I normally put on an ECM record with a pretty clear preconception of what I'm going to hear, and I'm rarely surprised by what I hear inside. There are notable exceptions, one of which is Eleni Karaindrou and Kim Kashkashian's soundtrack for Theo Angelopoulos's Ulysses' Gaze. Naturally, this view is purely subjective.

That said, this is an absolutely gorgeous hour of slow piano and cello that avoids the pitfalls new age music easily falls into. No songs to the whales or laments for indigenous people here...This music seems firmly rooted in the modern world; though it's easy to recognize the detached Northern European influence. It is languorous without ever being lethargic. A few of the tracks were written by pre-Baroque and Renaissance composers (William Byrd, Guilaume Dufay) which makes the timeliness of the sound that much more unexpected, but the originals serve much more than just interludes between the sixteenth century composers. Bjornstad's piano immediately sets the tone for the album only to hand off the lead immediately to Darling's lead cello in "Upland." By the time we get to "Song for TKJD" you realize that there's got to be a layering of the cello going on, but it still sounds natural and like something you could be watching live in some sonically perfect Oslo concert hall.

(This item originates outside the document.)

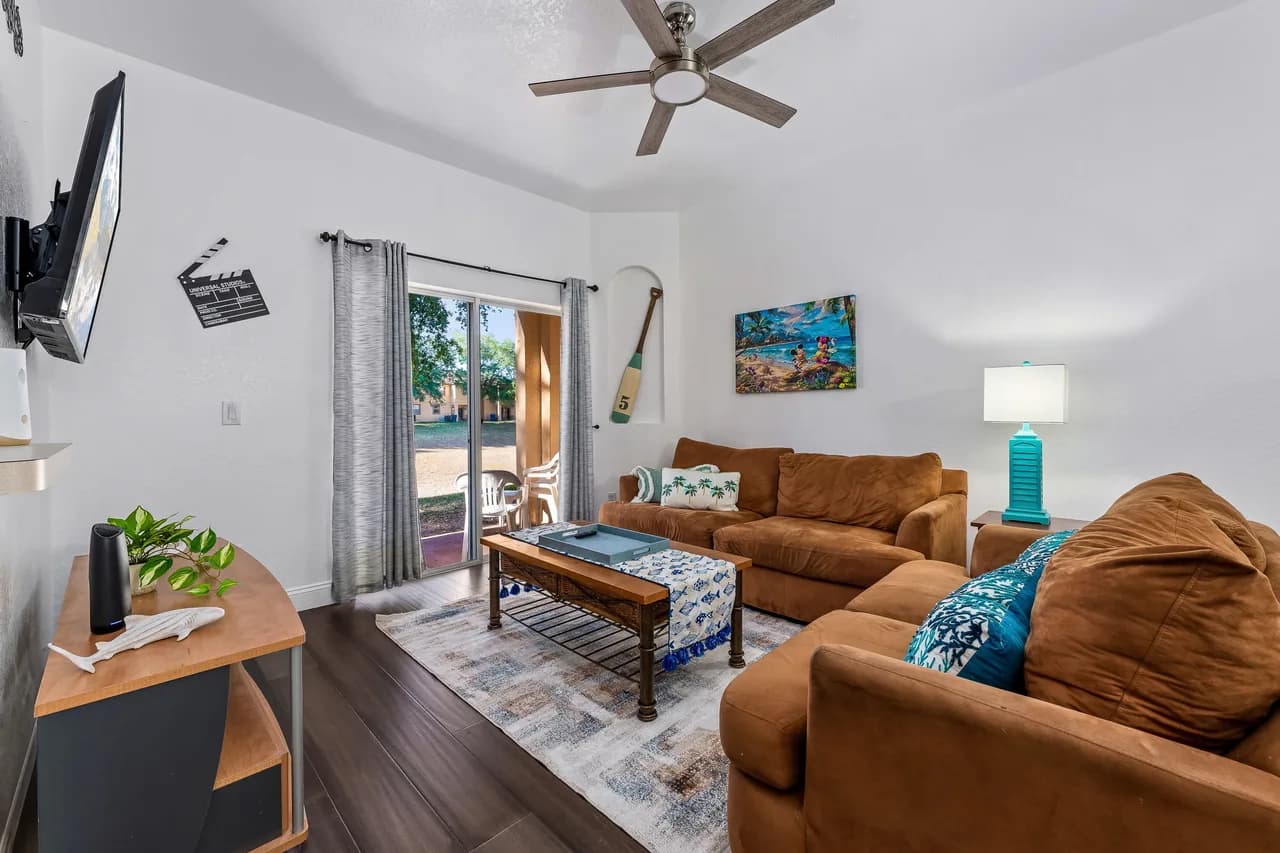 Family-Friendly Four Bedroom Villa in Four Corners photo 3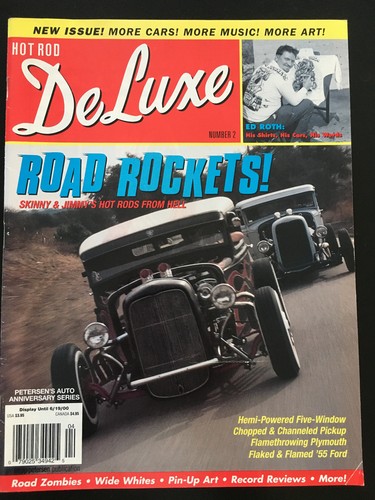 Hot rod deluxe - hot,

Much of Epigraphs sounds as if it could be part of a European film score, and in fact Darling's deep cello has been used in recent films of Jean-Luc Godard. But the music never has to jump through the hoops of action and conflict that film scores must, and that is one of the great strengths of the record. The shifts in mood are obvious, but they're nearly microtonal in nature, so that you're never stuck in one place for too long, but you're never jostled about too far from where you want to be. This is one of the best mood-setting -and mood-settling -- albums I've heard since Aphex Twins' Selected Ambient Works Vol. II, and that's high praise indeed.